I don't see why my money should be used by others for their investment. Then they limit how I used my money when it matures. 

Screw that, it's my money, I'll do what I like with it. 

We have other investments. 

Our house is one, with the plot size, location and the sq ft. It'll be worth a fortune by the time I'm ready to sell it. 

The quicker we get the mortgage paid, the quicker it starts making me money. 

I know by overpaying, I'm not only reducing my mortgage by that amount but saving 20+ years of compound interest. If we offset, we would have access to our savings still but still save that amount of interest. If you offset AND overpay, you get both. 

Savings at your mortgage rate, compounded. 

It makes your money work harder for you.

And you benefit not someone else. The lender actually gets less.


----------



## mba (Jun 17, 2006)

Excellent advice guys appreciate it 

Agree Rich you cant give proper advice without knowing all of my background and if i put that all down its a pretty boring read :lol:

I have already paid into 7 years of a Council pension scheme which is now frozen and i expect will remain there for a little while but i will get IFA on that.

I currently joint own/mortgaged 2 rental properties 50:50 with my brother and as time goes by we are looking to expand on that through collateral in the house - these are low value properties where we get a low LTV so our exposure is limited 

I have readily accessibile cash ISA with about 4 months salary in it and 1 Stock ISA with £5.5k in it which is in effect my savings. My wife is a teacher and has been for 8 years so job security/wages are better than mine by a good way and she pays the mortgage while i pay the rest of the house bills (thats just how we work).

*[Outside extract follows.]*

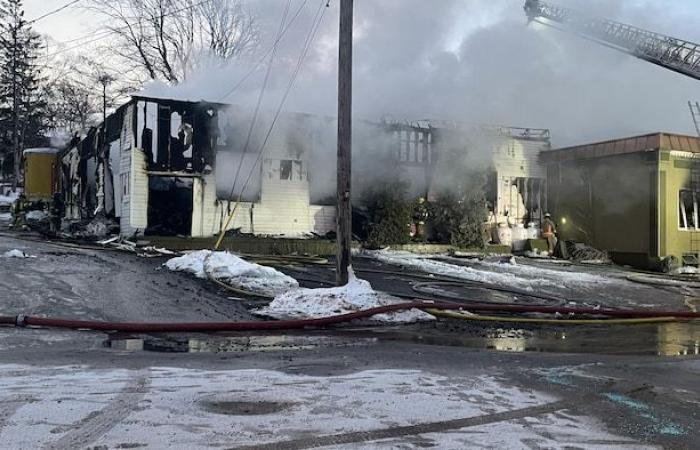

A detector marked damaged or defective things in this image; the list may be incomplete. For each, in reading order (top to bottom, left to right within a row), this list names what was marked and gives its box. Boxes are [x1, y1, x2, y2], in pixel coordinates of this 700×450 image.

burned building [58, 96, 334, 237]
burned building [544, 132, 700, 268]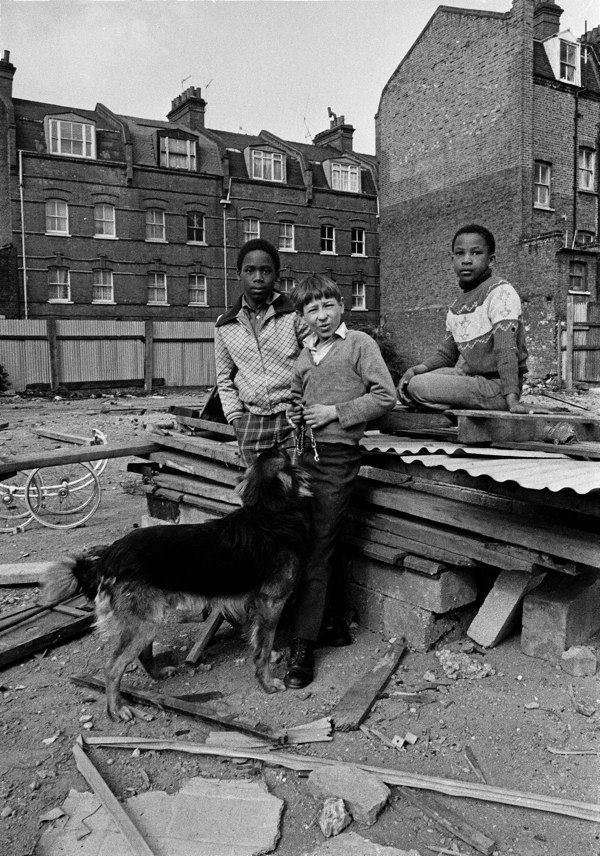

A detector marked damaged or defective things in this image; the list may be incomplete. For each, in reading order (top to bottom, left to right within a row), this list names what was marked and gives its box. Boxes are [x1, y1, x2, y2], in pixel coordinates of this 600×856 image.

I am currently taking the stance of not factoring in inheritance into my plan, no grandparents left but do have a mum and dad, but i do not want to be dependent on something that is not mine if that makes sense. 

Gruff i know compound interest is a ****** of thing and even though i am on a fixed rate mortgage of 4.49% i can make over payments of upto 20% of the outstanding balance every year without penalty. 

PLAN

Pay 6% into my pension so company match it
Pay the other 6% off my mortgage
I already have a regular cash saving plan anyway so will continue to squirrel away into that 

Just hope i live long enough to benefit


----------



## kh904 (Dec 18, 2006)

Gruffs said:


> No pension is only a problem if you don't have an alternative. But, no govt would allow pensioners to go completely unaided, I won't die at least.
> 
> I don't see why my money should be used by others for their investment. Then they limit how I used my money when it matures.
> 
> ...


Spot on Gruffs!

I often get frowned apon when i say we shouldn't be as taxed as we currently are and reduce the benefits paid out. The Government shouldn't be involved in looking after people, just maintain national security & protect individual civil liberties & freedoms & maybe some basic infrastructure

The problem when government tries to look after people, the policies don't make long term sustainable sense, there's fraud & corruption (where the government hands out money to spend there's people/companies waiting to take advantage), dependency on benefits, poor value for money etc
Look at their track record and it speaks for itself!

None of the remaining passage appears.